NPR contributor Nuzum (Parental Advisory: Music Censorship in America, 2001) humorously sinks his teeth into the elusive, enshrouded world of vampirism.
He launches his quest for immersion in vampirism with a clumsy attempt to drink his own blood from a shot glass. Then he watches every vampire movie ever made—605 in all. Conclusion? “They suck.” Attempting “to understand what it means to be a vampire,” he spends a thankless weekend playing one in a local haunted house. At home in Washington, D.C., Nuzum conducts an unrevealing interview with a wily group of self-declared vampires initially contacted via Meetup.com. In California, a plucky guide who calls herself Countess Mina—“Mina Harker from the novel…turned into a vampire and then sent to San Francisco by Count Dracula himself”—energetically dispels “a lot of Hollywood’s lies” in her vampire-themed tours. Nuzum joins an eclectic group hosted by former child actor Butch Patrick, who played Eddie Munster on TV, for a trek through the ominous castles and monasteries of central Romania to discover the real history of torturous prince Vlad Dracula. Wife Katherine comes along on a brisk jaunt to England to view historic Highgate Cemetery and the significant Whitby Abbey. Less interesting are visits to the topless vampire revue Bite in Las Vegas and a party thrown by the curiously aloof “vampyre society of greater New York,” aka the Court of Lazarus. Nor do Nuzum’s frequent detours from bats and fangs to address issues like AIDS, bareback sex, Netflix, etc., really gel with all the blood facts, word origins and extensive meditations on Bram Stoker and his Dracula.
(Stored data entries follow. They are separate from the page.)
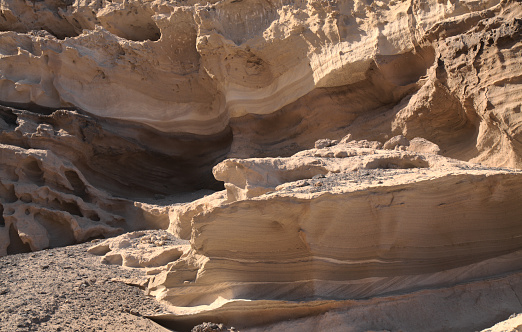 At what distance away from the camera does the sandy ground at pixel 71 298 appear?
3820mm

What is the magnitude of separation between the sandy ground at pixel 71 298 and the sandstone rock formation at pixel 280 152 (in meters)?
0.24

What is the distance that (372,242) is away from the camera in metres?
4.11

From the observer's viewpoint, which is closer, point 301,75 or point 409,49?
point 409,49

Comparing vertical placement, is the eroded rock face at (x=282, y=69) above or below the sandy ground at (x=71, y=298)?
above

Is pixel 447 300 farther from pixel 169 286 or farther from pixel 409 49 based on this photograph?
pixel 409 49

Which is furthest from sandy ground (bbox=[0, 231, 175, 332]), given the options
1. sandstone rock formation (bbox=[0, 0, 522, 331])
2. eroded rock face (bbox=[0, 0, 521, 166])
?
eroded rock face (bbox=[0, 0, 521, 166])

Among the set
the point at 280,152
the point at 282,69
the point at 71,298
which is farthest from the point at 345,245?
the point at 282,69

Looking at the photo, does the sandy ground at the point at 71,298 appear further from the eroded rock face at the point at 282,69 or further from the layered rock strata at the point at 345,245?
the eroded rock face at the point at 282,69

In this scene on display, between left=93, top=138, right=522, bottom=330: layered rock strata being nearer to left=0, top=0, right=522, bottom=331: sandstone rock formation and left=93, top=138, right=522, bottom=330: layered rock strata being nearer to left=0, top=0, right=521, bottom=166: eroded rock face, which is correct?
left=0, top=0, right=522, bottom=331: sandstone rock formation

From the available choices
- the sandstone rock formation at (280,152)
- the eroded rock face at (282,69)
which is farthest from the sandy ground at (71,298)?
the eroded rock face at (282,69)

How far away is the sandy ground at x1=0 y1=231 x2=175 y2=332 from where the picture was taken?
12.5 feet

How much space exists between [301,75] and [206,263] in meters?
4.58

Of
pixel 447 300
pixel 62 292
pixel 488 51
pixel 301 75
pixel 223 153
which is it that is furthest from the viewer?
pixel 223 153

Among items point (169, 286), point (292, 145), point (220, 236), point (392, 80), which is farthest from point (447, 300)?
point (292, 145) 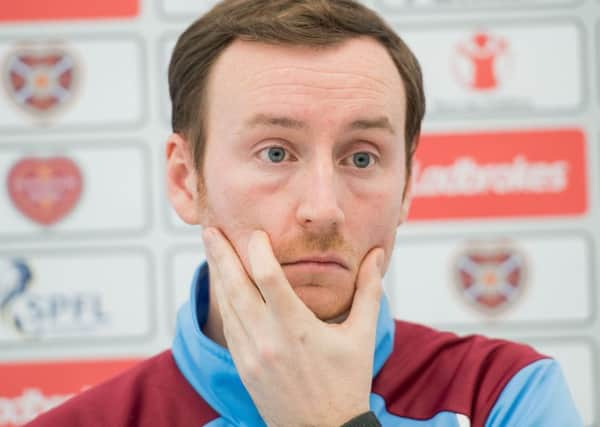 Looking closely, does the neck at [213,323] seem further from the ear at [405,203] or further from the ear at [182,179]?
the ear at [405,203]

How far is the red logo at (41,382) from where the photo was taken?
6.68ft

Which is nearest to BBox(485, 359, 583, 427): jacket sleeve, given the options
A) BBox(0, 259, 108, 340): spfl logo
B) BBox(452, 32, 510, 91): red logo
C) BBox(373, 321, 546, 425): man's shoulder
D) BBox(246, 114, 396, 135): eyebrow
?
BBox(373, 321, 546, 425): man's shoulder

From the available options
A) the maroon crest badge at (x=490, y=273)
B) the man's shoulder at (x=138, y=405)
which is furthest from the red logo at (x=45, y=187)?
the maroon crest badge at (x=490, y=273)

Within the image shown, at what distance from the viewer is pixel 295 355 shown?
936 millimetres

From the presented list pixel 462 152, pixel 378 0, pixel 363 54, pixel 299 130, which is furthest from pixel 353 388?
pixel 378 0

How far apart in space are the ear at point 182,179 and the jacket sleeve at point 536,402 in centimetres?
55

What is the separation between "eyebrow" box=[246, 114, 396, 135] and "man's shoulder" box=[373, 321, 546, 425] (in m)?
0.37

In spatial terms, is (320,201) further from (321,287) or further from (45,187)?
(45,187)

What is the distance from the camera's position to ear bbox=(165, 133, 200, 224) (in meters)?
1.19

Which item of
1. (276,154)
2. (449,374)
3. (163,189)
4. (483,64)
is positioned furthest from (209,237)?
(483,64)

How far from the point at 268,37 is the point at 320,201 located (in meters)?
0.27

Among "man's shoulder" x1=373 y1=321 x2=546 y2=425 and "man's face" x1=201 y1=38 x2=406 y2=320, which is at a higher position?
"man's face" x1=201 y1=38 x2=406 y2=320

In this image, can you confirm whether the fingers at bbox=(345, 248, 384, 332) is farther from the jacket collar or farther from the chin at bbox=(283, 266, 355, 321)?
the jacket collar

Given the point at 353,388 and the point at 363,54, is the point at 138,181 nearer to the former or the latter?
the point at 363,54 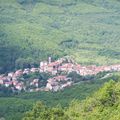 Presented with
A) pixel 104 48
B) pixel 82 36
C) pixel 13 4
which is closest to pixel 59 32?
pixel 82 36

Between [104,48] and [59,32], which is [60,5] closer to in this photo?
[59,32]

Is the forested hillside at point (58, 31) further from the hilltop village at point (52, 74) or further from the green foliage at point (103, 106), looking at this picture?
the green foliage at point (103, 106)

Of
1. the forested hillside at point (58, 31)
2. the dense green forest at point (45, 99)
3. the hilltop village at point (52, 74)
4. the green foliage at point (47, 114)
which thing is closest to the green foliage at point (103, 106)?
the green foliage at point (47, 114)

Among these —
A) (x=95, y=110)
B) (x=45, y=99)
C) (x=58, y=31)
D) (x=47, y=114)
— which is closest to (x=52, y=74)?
(x=45, y=99)

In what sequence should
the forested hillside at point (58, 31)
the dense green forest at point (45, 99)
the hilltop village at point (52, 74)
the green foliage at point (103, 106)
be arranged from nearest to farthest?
1. the green foliage at point (103, 106)
2. the dense green forest at point (45, 99)
3. the hilltop village at point (52, 74)
4. the forested hillside at point (58, 31)

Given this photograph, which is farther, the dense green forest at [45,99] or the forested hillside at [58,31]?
the forested hillside at [58,31]

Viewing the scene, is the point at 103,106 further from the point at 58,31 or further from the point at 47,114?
the point at 58,31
Still, you have to admire a guy who adroitly plods through episodes of Buffy the Vampire Slayer and a Dark Shadows convention, all the while disbursing such random footnotes as, “there never was anyone named Count Dracula.”
Chatty, breezy and often hilarious: an enjoyable reminder that it’s best not to take things like the “blood-sucking undead” too seriously.